**RECORDS SHOWN:**
★ ★ ★ ★ ★

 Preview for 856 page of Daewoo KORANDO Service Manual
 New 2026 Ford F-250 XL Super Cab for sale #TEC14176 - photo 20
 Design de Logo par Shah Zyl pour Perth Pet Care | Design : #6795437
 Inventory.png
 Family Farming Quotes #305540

★ ★ ★ ★ ★

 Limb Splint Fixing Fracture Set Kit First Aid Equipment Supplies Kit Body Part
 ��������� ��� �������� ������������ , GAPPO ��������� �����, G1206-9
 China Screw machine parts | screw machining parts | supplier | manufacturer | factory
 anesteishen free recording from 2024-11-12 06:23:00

★ ★ ★ ★ ★

**THE PROBLEM:** Taking the entries above, print exactly the lines starting at the line with "Preview for 856" and ending at the line with "Family Farming Quotes #305540", both included.

**ANSWER SPACE:**
 Preview for 856 page of Daewoo KORANDO Service Manual
 New 2026 Ford F-250 XL Super Cab for sale #TEC14176 - photo 20
 Design de Logo par Shah Zyl pour Perth Pet Care | Design : #6795437
 Inventory.png
 Family Farming Quotes #305540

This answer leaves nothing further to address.